# 48 Straight Bar



## JimRoy (Feb 25, 2019)

I started with a frame and a few pieces and now the 41 Straight Bar is coming together.   I have the correct rear rack and front light that I will install later.  However,  the tank will have to wait until my ship comes in
JimRoy


----------



## spoker (Feb 25, 2019)

nice work,great look,like the color choice,nice 2 see different colors that really work


----------



## rusty.kirkpatrick (Feb 25, 2019)

Those colors look amazing together! Nice work bud.


----------



## Hammerhead (Feb 26, 2019)

Looks AWESOME! Those colors definitely go well together.
Hammerhead


----------



## Land O' Aches (Feb 26, 2019)

Nice work! What are those colors? 


Sent from my iPhone using Tapatalk


----------



## JimRoy (Feb 26, 2019)

Land O' Aches said:


> Nice work! What are those colors?
> 
> Rust-Oleum
> Gloss Sage Green 249094
> ...


----------



## Land O' Aches (Feb 26, 2019)

Brilliant! I may give it a try!

Lando


Sent from my iPhone using Tapatalk


----------



## JimRoy (Feb 26, 2019)

Land O' Aches said:


> Brilliant! I may give it a try!
> 
> Lando
> 
> ...



Thanks.  I hope you do.  JimRoy


----------



## SWPA (Feb 27, 2019)

Looks super! How long did it take you?


----------



## JimRoy (Feb 27, 2019)

16 days from start to finish.   Waiting for the paint to dry took the most time.  Danny the Schwinn Freak shipped me a ton of correct part.  I still have to paint the rear rack and front light.  And I will probably rechrome the handlebars this summer.  I have not purchased the tank yet.  JimRoy.


----------



## SWPA (Feb 27, 2019)

Dang, that's like only 2 weeks, amazing!


----------



## Sven (Feb 27, 2019)

Very very nice! Great job!!!!


----------



## spoker (Feb 27, 2019)

rust-oleum is awesome,makes it affordable to make bikes kool for a small amount of money,takes a little while to dry,small trade off to what the paint companies have done to the price of automative paint,let it dry,give it a light cut and buff and you have a killer paint job,everytime i go to wally world,i stop and look at the new colors,cant beat it with a stick for about 4 bucks a can,this bike is a perfect example


----------



## Deebo (Mar 3, 2019)

any tips on applying rattle can clear?


----------



## Balloonoob (Mar 3, 2019)

I'm sure there are varying opinions on clearcoating these old bikes. It just depends on what your project is.  I found last time I rattle can clear coated a bike that very short bursts of spray and moving to different areas as you go vs over and over the same area help with running and drip effect. But if you have good old patina I would not clear coat it. There are wax options but I am not sure how they really work or look.


----------



## Balloonoob (Mar 3, 2019)

Oh BTW the 48 straight bar is awesome.  I saw it and thought what a great color choice...... And then read everyone agreeing with my thoughts.  Nice.


----------



## Deebo (Mar 3, 2019)

its a murray frame i stripped with paint stripper and i painted it, but when i put on clear coat many areas wrinkled. so i sanded it over again and repainted it. waiting a couple days to try clear coat again. its cold at the moment.


----------



## Balloonoob (Mar 3, 2019)

Debo said:


> its a murray frame i stripped with paint stripper and i painted it, but when i put on clear coat many areas wrinkled. so i sanded it over again and repainted it. waiting a couple days to try clear coat again. its cold at the moment.
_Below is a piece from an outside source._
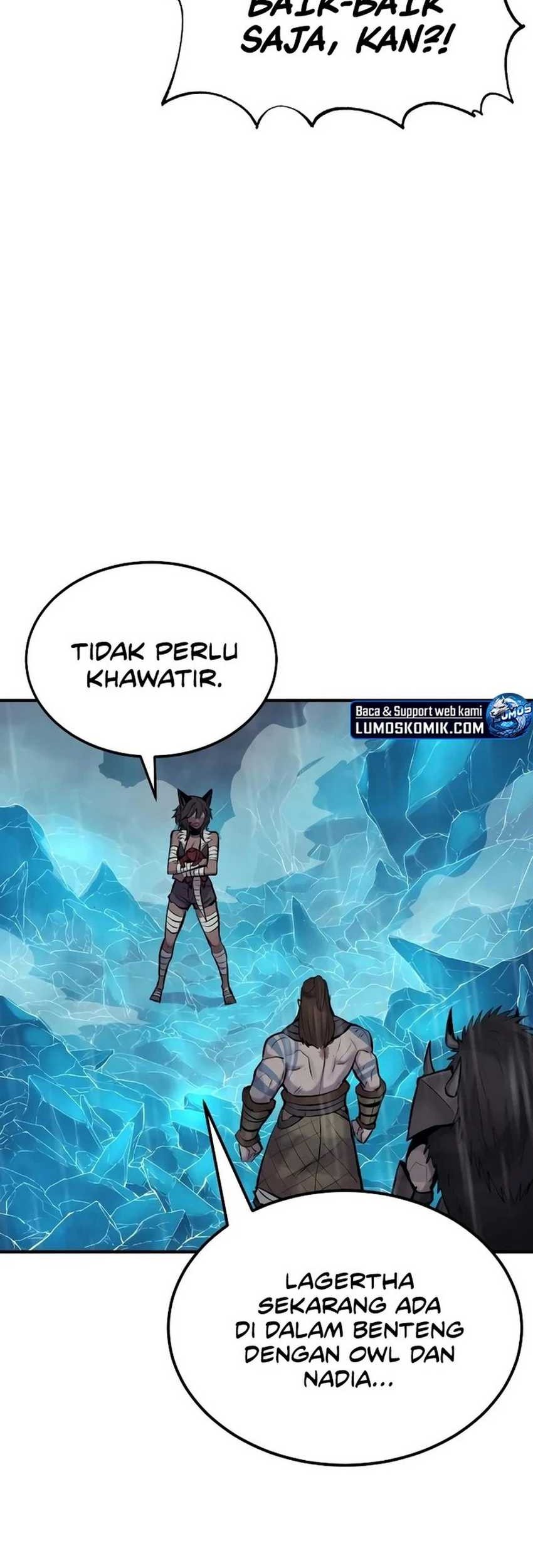 Howling Dragon Bab 42 halaman 46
Start a thread under project rides with pictures. I'm sure you will get some good advice.


----------



## Deebo (Mar 3, 2019)

ok will do. tomorrow i will make it. stay tuned


----------



## Balloonoob (Mar 4, 2019)

Jimroy maybe you can provide some more insight since your paint job turned out awesome. The info you provided was great. Patience is key. 
 Sounds like the rustoleum you used were paint and primer in 1. Did you only use 1 can of each color and 1 of the clear total? Were the entire cans pretty much used up when finished?  Was painting and clear coating all done in one day? How long between painting and clear coating?               
 I found this online. ''you cannot put a laquer base paint or solvent over any kind of enamel base paints. Period. 
You can recoat laquer anytime.
You can apply enamel base paints over laquer base paints , but you can never apply laquer base paints over enamel base paints.''               
  anything worth doing is worth doing right and looks like you got it right.


----------



## OhioJones (Mar 4, 2019)

Have this exact bike. Very envious. You be done one hell of a job. Looks great!


----------



## JimRoy (Mar 4, 2019)

Debo said:


> any tips on applying rattle can clear?



Wait 4-5 days after the final base color coat.  Don't sand the base coat just before applying the clear.  If you wet sand the base coat,  wait another day before you apply the clear.  Light coats of clear.  Once the clear dries, wet sand with 2000 grit then polish with polishing compound.


----------



## JimRoy (Mar 4, 2019)

Debo said:


> its a murray frame i stripped with paint stripper and i painted it, but when i put on clear coat many areas wrinkled. so i sanded it over again and repainted it. waiting a couple days to try clear coat again. its cold at the moment.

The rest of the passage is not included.